• _MATERIAL PROVIDED_

◇ ◇ ◇ ◇

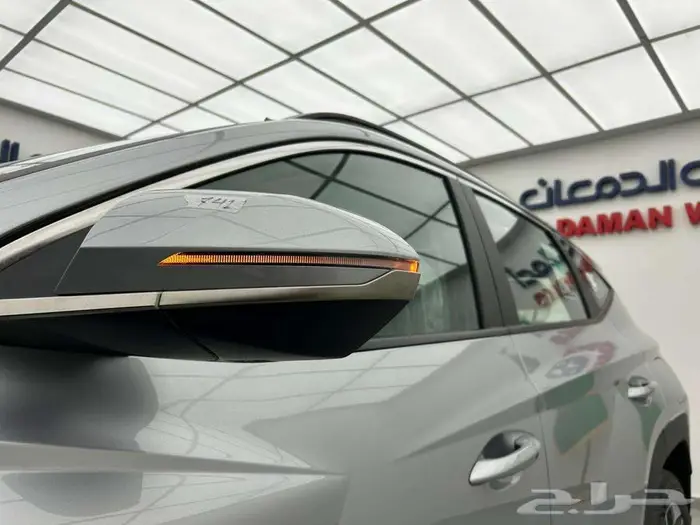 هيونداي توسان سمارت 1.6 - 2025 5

◇ ◇ ◇ ◇

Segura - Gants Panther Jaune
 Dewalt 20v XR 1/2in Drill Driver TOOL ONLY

◇ ◇ ◇ ◇

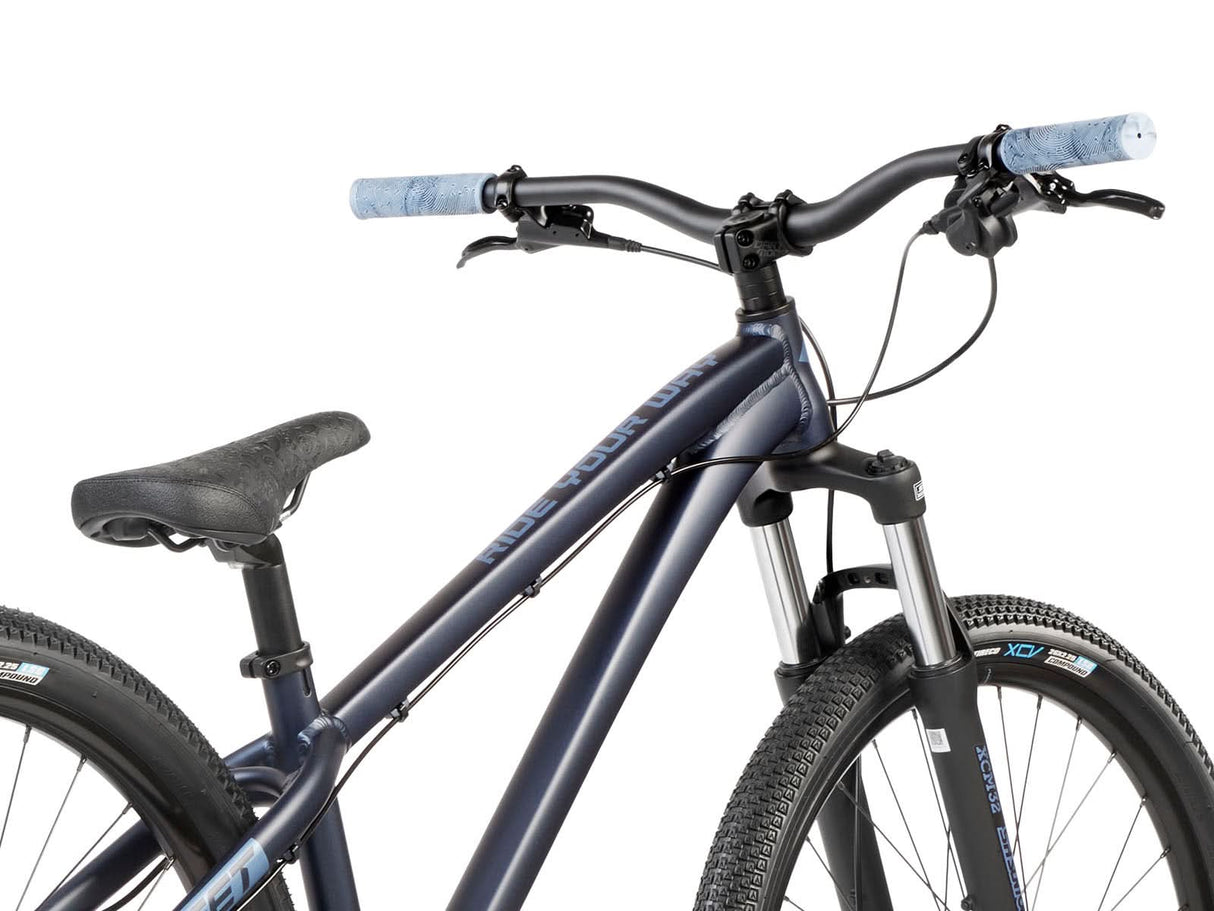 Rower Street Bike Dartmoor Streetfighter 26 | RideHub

◇ ◇ ◇ ◇

• _TRY IT_
Restate word for word only the lines above from the line containing "Segura - Gants Panther Jaune" to the line containing "Dewalt 20v XR 1/2in Drill Driver TOOL ONLY", both of them included.

• _COMPLETED TASK_
Segura - Gants Panther Jaune
 Dewalt 20v XR 1/2in Drill Driver TOOL ONLY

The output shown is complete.